2. The Appellant had filed a petition under Article 226 of the Constitution for quashing an order dated 10.3.1960 and had prayed for a consequential order also in the nature of a mandamus. Information of the impugned order (Annexure 'C' to the petition), given to the petitioner, reads as follows:
The Union Public Service Commission have in pursuance of Rule 5 of the Central Information Service Rules, 1959, recommended Shri P.B. Roy, at present officiating as Editor in the Publications Division, for appointment, in a substantive capacity, to Grade 3 of the service at its initial Constitution. Shri Roy is informed that the President has been pleased to post him as an Assistant Editor in the Publications Division with immediate effect.
3. Those relevant facts, preceding and following the impugned order, which are admitted by both sides may now be mentioned.
4. In 1955, the post of Editor, Publications Division, in the Department of Information and Broadcasting of the Government of India (hereinafter referred to as 'the Department'), was advertised. The appellant, who had applied for the post, was selected by the Union Public Service. Commission, and, on its recommendation, was offered a temporary post of Editor in the Publications Division of the Department on an initial salary of Rs. 720 per month in the scale of Rs. 720-40-1000 together with the usual allowances. The material terms and conditions of this employment were:
(1) The post is to be gazetted Class I;
(2) The temporary post was sanctioned upto 28.2.1957 but was likely to continue;
(3) Shri Roy (the Appellant) will be governed by the Central Civil Services (Temporary Service Rules) and other Rules applicable to temporary Govt. servants of his category;
(4) He was to be on probation for 6 months which may be extended at the discretion of the appointing authority.
5. The Appellant had reported for duty on 1st August, 1956, as directed. On 27.3.1957, the Appellant's probation was extended by three months. Immediately thereafter, on 28.3.57, the Appellant's services were terminated under Rule 5 of the Central Civil Services (Temporary Service) Rules 1949, (Annexure 'D' to the Rejoinder Affidavit of 20th February, 1964). On 5.3.1957, the Appellant made a representation against this termination of his service (Annexure 'B' to the Rejoinder Affidavit). On 27.4.1957, in response to this representation, the above-mentioned termination to the Appellant's service was rescinded (Annexure 'F' to the Rejoinder Affidavit). On 28.4.1958, the President was pleased to terminate the probationary period of the Appellant and permitted him to continue in his post in a temporary capacity (Annexure 'B' to the Affidavit supporting the Petition)
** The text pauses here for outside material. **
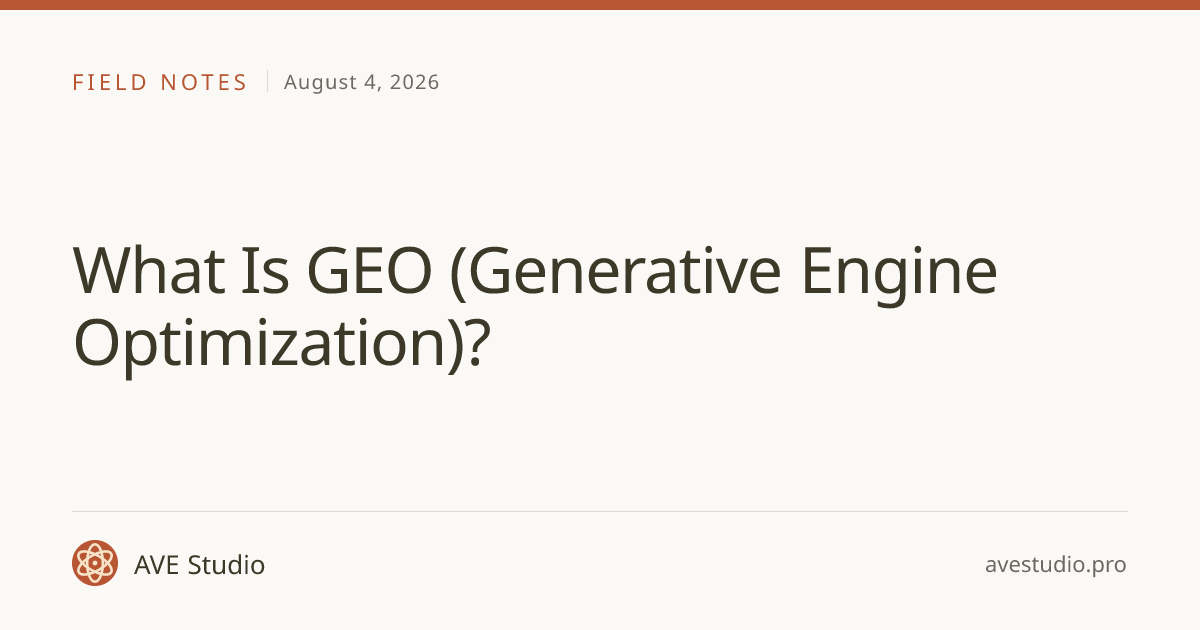 What Is GEO (Generative Engine Optimization)?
6. On 16.2.1959, the President of India, in exercise of powers conferred by the Proviso to Article 309 of the Constitution of India, promulgated the Central Information Service Rules, 1959 (hereinafter referred to as the Rules), which came into force on 21.2.1959. These rules were meant; for the creation of a Central Information Service with prescribed grades and their strengths. Entry into this service was open to 'departmental candidates' by a procedure laid down in Rule 5 for the initial Constitution of the service. In accordance with this procedure, the Appellant was required to appear before a Selection Committee on a given date, and, after selection, he was posted by the impugned order as indicated above. On 11.3.1960, the Appellant assumed charge of the post thus assigned to him on the recommendation of the Union Public Service Commission. The Appellant then made a representation, dated 11.3.1960 (Annexure 'E' to the Rejoinder Affidavit), against his appointment in Class 2 grade 3 post. He made other similar representations after that. His last representation was made on 25.8.1962. The Appellant received a communication dated 10.12.1962 forwarding extract of an order dated 26.11.1962 which said:
The representation from Shri P.B. Roy has been carefully considered in the Ministry. All relevant facts were fully taken into account, by the Departmental Promotion Committee, before drawing up the recent panel of Grade 3 officers considered suitable for promotion to Grade 2. Shri Roy may be informed accordingly.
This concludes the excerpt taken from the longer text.